With this imperative, Hermann started together with the volunteers of God, of his city, in the seventies, his experience in Herten, an industrial city in the north western part Germany.

He came from a working class family, and after spending some years working in a factory and later in the seminary, in 1972 he obtained the diploma of social assistant and found his calling, choosing to live the spirituality of the focolari as a volunteer, committed in the social sphere.

“No man can live alone”. This is what he wrote in large letters on his van. And this motto became his way of life, with the help of the spirituality of the focolari. He was the first director of Caritas in Herten, and worked to recuperate and integrate the refugees of his territory, to ensure better living conditions for the most emarginated: “If nobody is responsible, I am responsible”.

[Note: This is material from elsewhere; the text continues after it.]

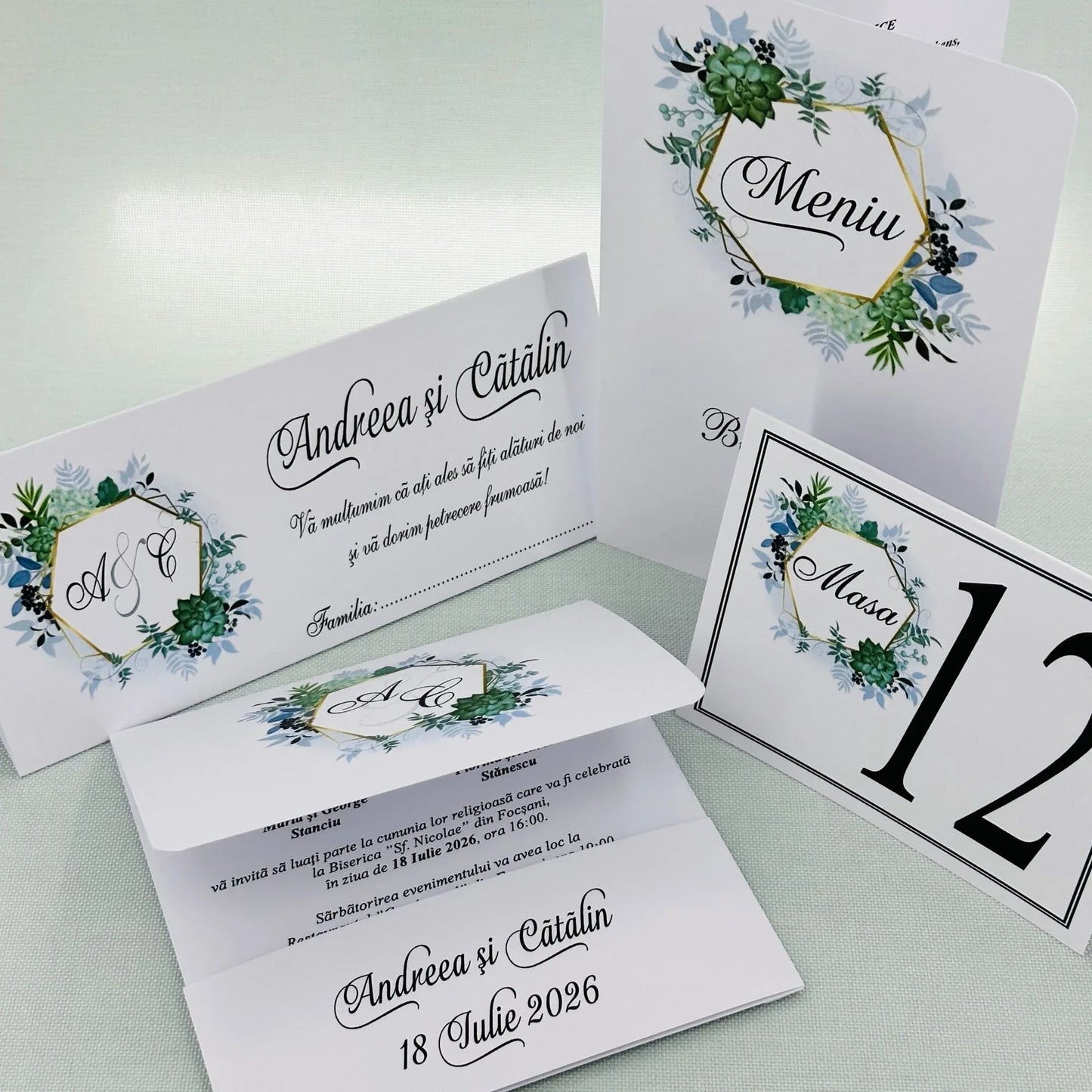 Invitatii nunta cod Miraj-20591 - MirajulNuntii.ro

Fundamental for him is spiritual sharing with the volunteers of the Focolari. Thus, one of them tells us: “Hermann often told us about his experiences, all of them inspired by the concrete living of the Gospel.”

The first “of the smallest” for whom Hermann started to give his life together with the other Caritas operators (with whom he worked for over 20 years), were the homeless of the shanty town of Herten, and he did not hesitate to even go and live with them. After 14 years of work he succeeded in finding better housing for the 63 families of the shanty town, and the quarter was finally closed down.

With financing from Caritas and public funds, Hermann saw to the building of a block of 5 small independent apartments for the disabled and the St Francis of Assisi home: a large structure with more than 170 apartments for the aged, right in the centre of the city. “We even have too much peace and tranquillity!” the aged living there told him. The results are surprising, considering the dynamic and independent quality of life that they are assured, and studies are carried out on his manner of operation.

His last initiative, in 1988, is in favour of 300 political refugees, who arrived in Herten during that period. He remarked after some time: “Now there are persons who help to find houses, restructure and renovate them. Many of my fellow citizens have become friends of the refugees. As soon as personal relationships are formed between the two sides, the prejudice and fears disappear.”   

The illness that afflicts him reveals, in a special way, the depth of Hermann’s soul. He writes to Chiara Lubich on 12th April 1990: “Now I am really suffering. It costs much always to say yes to God, I would not have believed that it costs so much. But I must love up to the end. Only if we love, and love up to the end, will people believe.”

He passed away shortly afterwards, on 24th April. At his funeral, a Syrian Moslem prayed over his coffin; an alcoholic, emerging from the crowd, deposits a red carnation on the coffin; all the local community of the focolari gathers around him, and still feels him alive with them. In 2004, through Caritas, the Hermann Schafers foundation is born, to prolong his work in the city of Herten. The website of the foundation reminds us that his life and work have been based on this: the profound conviction that “God is love”.